The exact days when patient registration cards will be issued or even legal medical cannabis plants start growing in Pennsylvania is also unknown.

After Gov. Wolf signs the bill into law, it becomes effective in 30 days. That’s when the Department of Health starts an 18-month clock on getting program up and running.

DOH will oversee all aspects of the regulations being created, approved by the Independent Regulatory Review Commission (IRCC), and then implemented.

Right now there were some wild speculation as to the potential size of the medical cannabis products market. The Pa Senate Fiscal Note on the legislation estimated about 100,000 potential patients. Some advocacy groups like the Marijuana Policy Project put the number in the tens of thousands.

Yet the nature of the law and the significant unknowns in the upcoming regulations raise serious doubt as to whether this bill will achieve broad patient access.

New Jersey has registered just over 6,000 patients since their law was passed in 2010. Only about 2/3 are active in the program.

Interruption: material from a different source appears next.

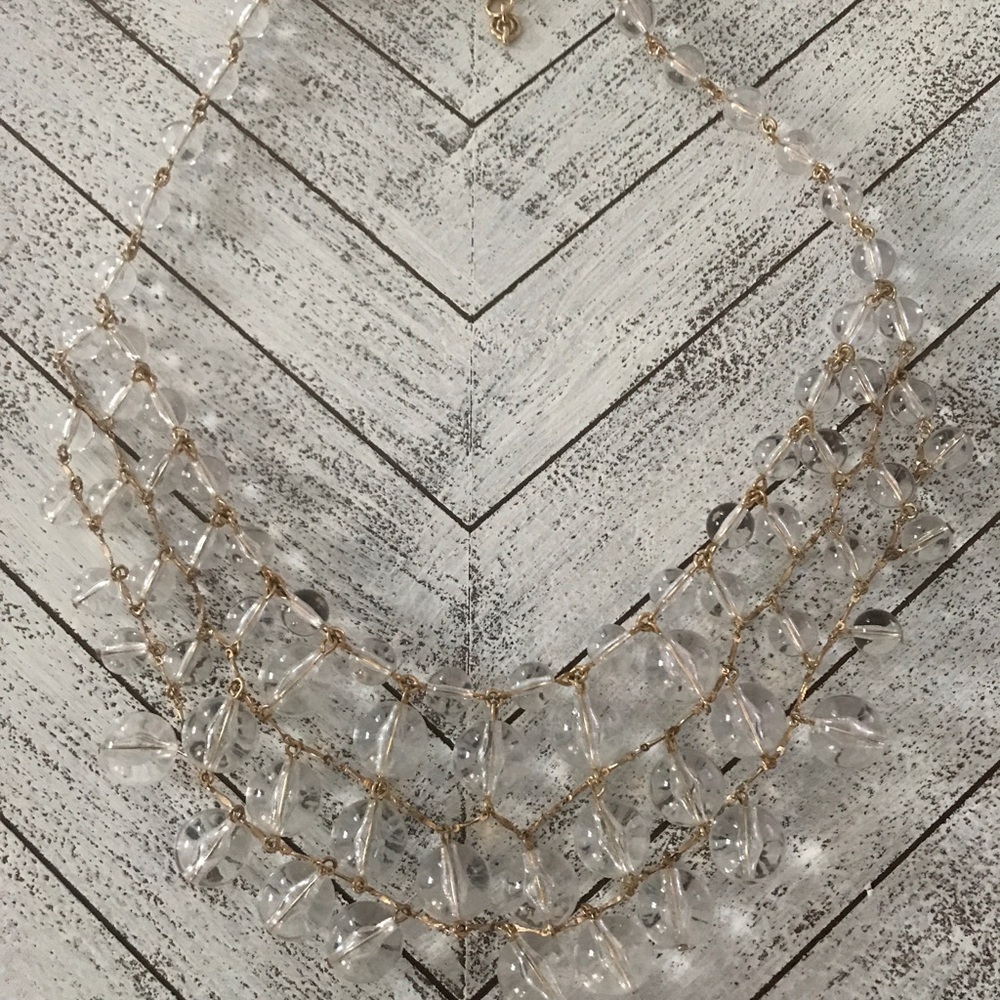 NWOT Clear Bead J. Crew Necklace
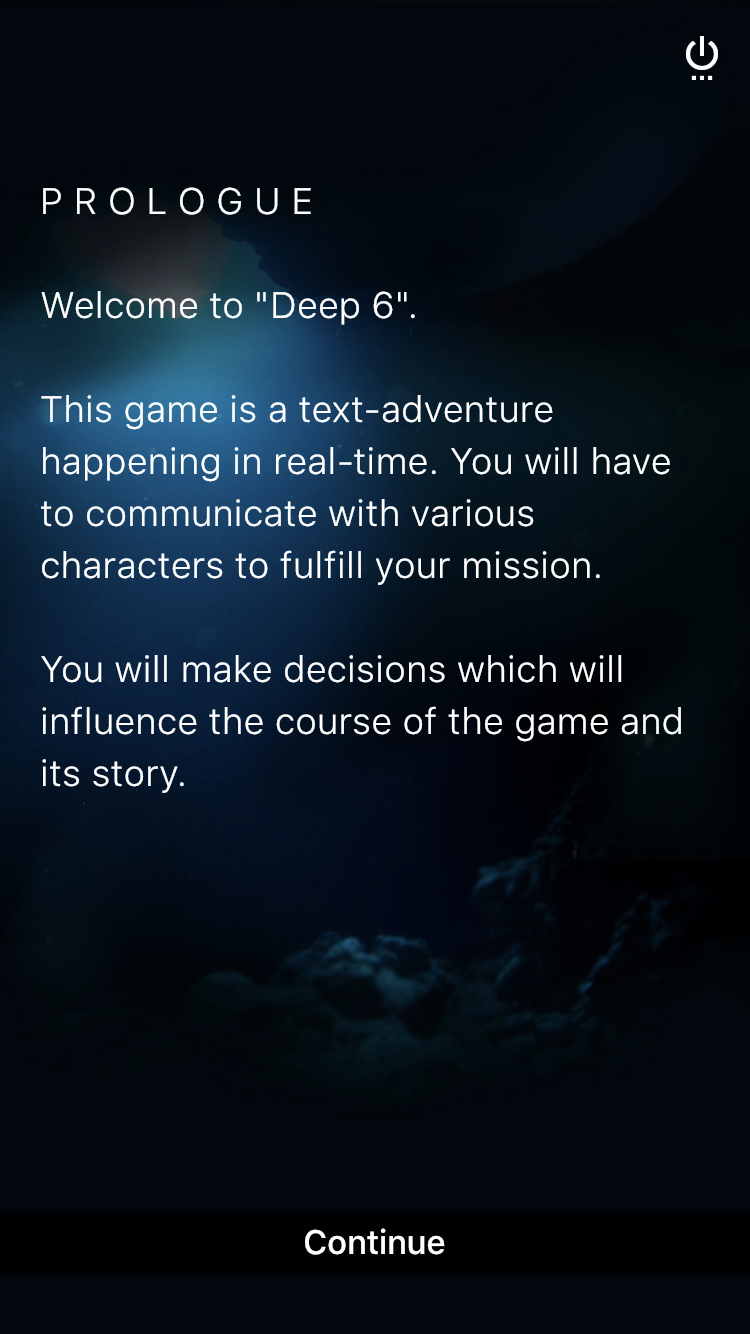 Deep 6 - Sci-Fi Text Adventure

Numerous press reports in New York also indicate a difficult road to registration for patients and then exorbitant, out of pocket, costs for cannabis oils. Pennsylvania’s law will have some price controls but another unknown is to what comparison there will be for fair prices on cannabis products.

Politically this shift in Pa is definitely a victory of ideas. What remains unclear is if the law that was passed will work off of paper for a large population of patients or just a handful.